* Originalmente publicado no Portal Itatiaia em 30/05/2025
Pensar o Brasil exige autenticidade, escuta e compromisso com a esfera pública. Este espaço será dedicado a isso. Num país que oscila entre o improviso e o cinismo, é urgente retomar o valor do que é público, da política como construção republicana, da democracia como prática cotidiana e da palavra como instrumento a serviço do bem comum. Mais do que um exercício de opinião, esta coluna nasce como território de reflexão crítica, compromisso democrático e vocação pública.
Comecemos com um exemplo recente que diz muito sobre nossa cultura política.
Há alguns dias o governo anunciou que aumentaria o IOF para aplicações no exterior, incluindo fundos exclusivos. Pouco depois, recuou parcialmente. O aumento foi mantido apenas para pessoas físicas que realizam operações cambiais cotidianas, como compras e viagens internacionais, mas os fundos mais sofisticados ficaram de fora.
O episódio expôs uma hesitação fiscal e desnudou, mais uma vez, um vício estrutural da política brasileira: a propensão a anunciar antes de consolidar, recuar antes de sustentar e improvisar em detrimento do planejamento. Trata-se de uma disfunção crônica que, é imperativo ressaltar, transcende administrações e se manifesta como um padrão histórico na República. A admissão do ministro da Fazenda, Fernando Haddad, de que o recuo se deu por pressões e reações do mercado, apenas corrobora esse cenário. O que verdadeiramente sobressai, todavia, é a patente falta de alinhamento entre as esferas técnicas e políticas do governo na formulação de uma medida de tamanha relevância.
Nos bastidores, a movimentação expôs uma fissura delicada: Haddad vem tentando manter o equilíbrio fiscal sem as ferramentas políticas adequadas. Em reunião com os presidentes da Câmara e do Senado, o ministro explicou que, sem a arrecadação prevista com o aumento do IOF (cerca de R$ 20 bilhões), o governo teria de ampliar os cortes no Orçamento, atingindo o próprio funcionamento da máquina pública. Ainda assim, os parlamentares sinalizaram forte resistência à medida, pressionando por propostas mais estruturantes e menos impopulares. A questão é que propostas estruturantes exigem coragem política e uma base sólida, algo que Haddad, apesar da capacidade técnica e do esforço de diálogo, nem sempre tem recebido. O ministro tem sido coerente: quer preservar o equilíbrio fiscal sem desmontar o Estado, mas enfrenta pressões políticas, resistências dentro do Congresso e até no próprio governo.

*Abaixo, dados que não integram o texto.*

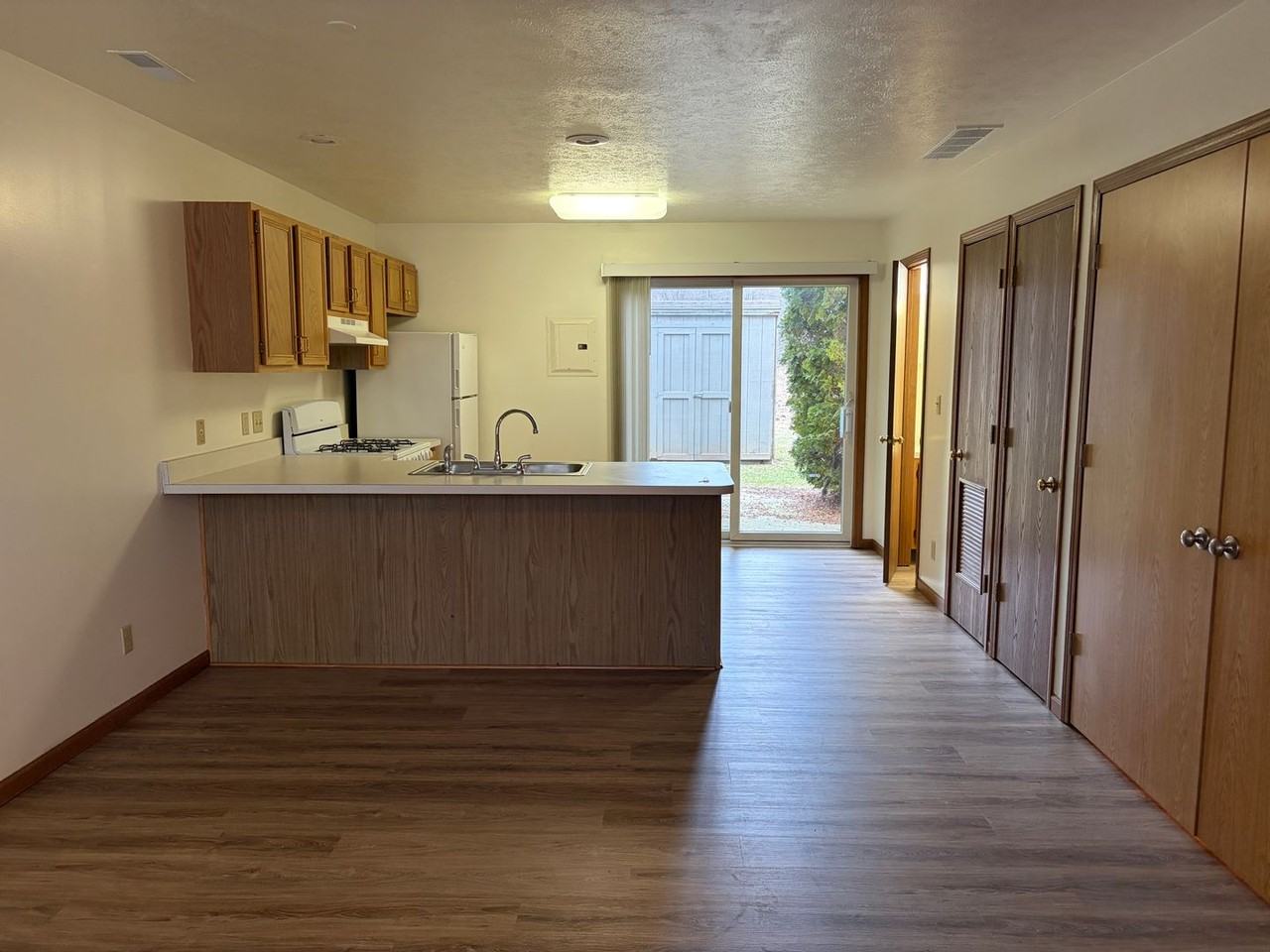 127 Watertower Ct - Photo 2 of 9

Tudo isso ocorre num cenário fiscal extremamente restritivo. Segundo dados oficiais, o espaço para gastos discricionários em 2025 será mínimo. O novo arcabouço fiscal estabelece um limite para o crescimento das despesas, e grande parte do orçamento está comprometida com salários, previdência e benefícios sociais. Sobra muito pouco para investimentos e políticas públicas que poderiam mover o país para frente.
A lógica do improviso precisa ser superada. A política fiscal não pode continuar sendo conduzida a partir de pressões conjunturais, sem estratégia e sem visão. Medidas pontuais, como o aumento do IOF ou cortes aleatórios, não resolvem os desequilíbrios de fundo. A única iniciativa realmente estrutural aprovada nos últimos tempos foi a taxação dos fundos exclusivos e offshore, mas isso ainda é pouco diante da regressividade e da concentração tributária que persistem no país.
Enquanto a política fiscal continuar sendo improvisada, o Brasil continuará pagando caro; em oportunidades, em futuro e em dignidade.